With losses like that, this season seems destined to end in the NIT – if the Wildcats can swallow their pride and accept the invite. The hardest part to swallow: this was the kind of thing that was never supposed to happen again at lordly Kentucky. Not after the program threw a mint at Calipari to deliver the program from mediocrity.
He did deliver, but not in perpetuity. He's also overseen one of the two most unsatisfying seasons since 1988-89.
Billy Gillispie was fired after two seasons for going to the NIT in Year 2. (And for being a hugely difficult person to deal with, but let's not kid ourselves about the importance losing played in making that decision.) Tubby Smith was derided by fans as Ten-Loss Tubby for having half his 10 seasons at UK end with double-digit losses.
Now Calipari likely has himself an NIT team. And 11 losses on the year. How will the fans handle those heresies this time around?
Calipari also has a championship ring, of course. And another Final Four. But the vision of endless glory has now run into the brick wall of reload reality.
Throwing together a team on the fly every year isn't going to work every time – and when it doesn't work, the results can be ugly. This team wasn't just young, it appeared dysfunctional and unenthused and unhappy much of the time. Adversity rarely brought out the best in these 'Cats.

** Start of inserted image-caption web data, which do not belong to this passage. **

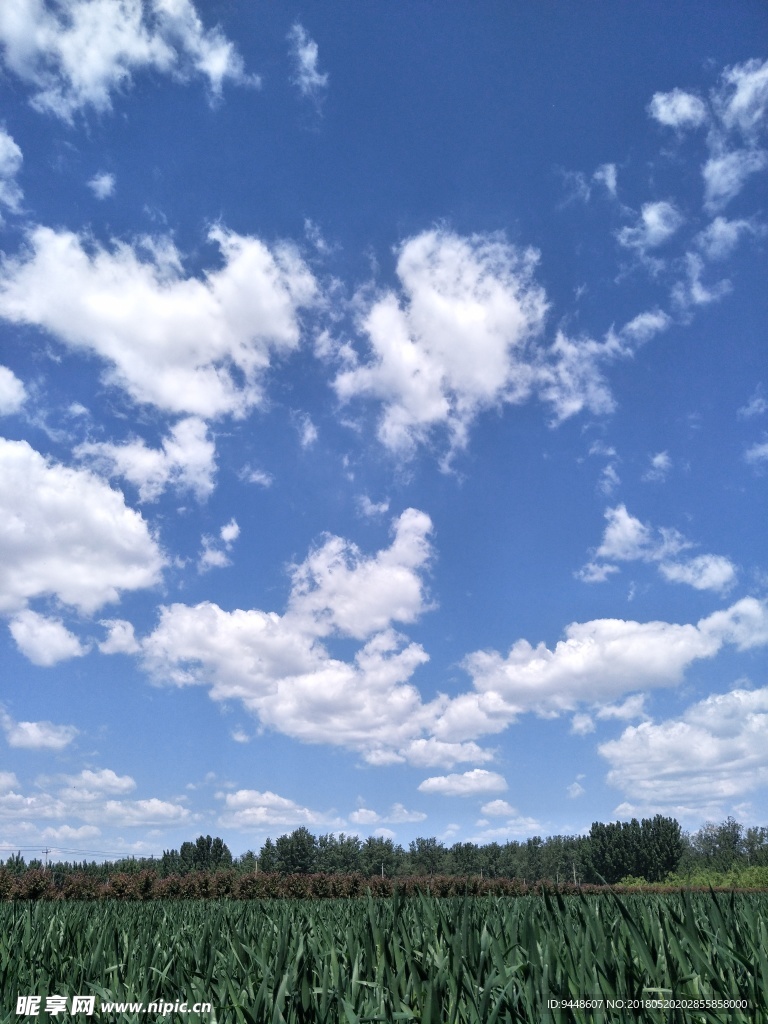 麦田风景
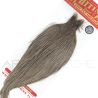Colli di gallo Whiting Silver grigio scuro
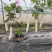 大白苦瓜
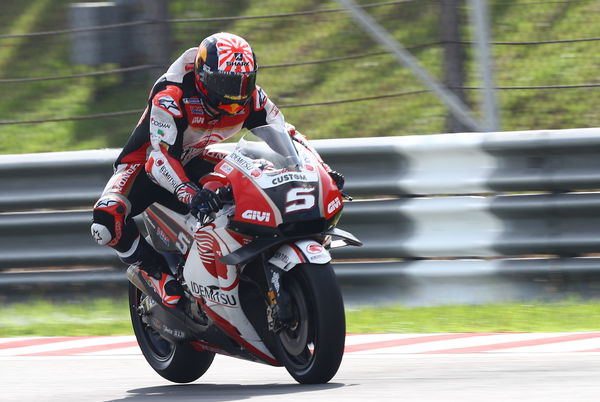 Johann Zarco, 2019 MotoGP Malaysian Grand Prix. - Gold and Goose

Operation Reload may well work again next year, when Kentucky is bringing in another armada of hamburger All-Americans. But I suspect Calipari will make sure he has a few more veterans and a few more reliable bodies to balance out the roster, too.
The 2011 Final Four wouldn't have happened without Gillispie recruits DeAndre Liggins and Josh Harrellson. The 2012 title wouldn't have happened without Gillispie recruit Darius Miller and sophomores Terrence Jones and Doron Lamb.
So some of the current freshmen who arrived in Lexington billed as one-and-done material might be around for at least one more season. They would seem to need the seasoning, and Kentucky could certainly use the depth and experience – no matter how much talent the new guys possess.
But that's next year. Before turning the page to 2013-14, Kentucky fans have an NCAA tournament selection show to avoid at all cost. Yahtzee, anyone?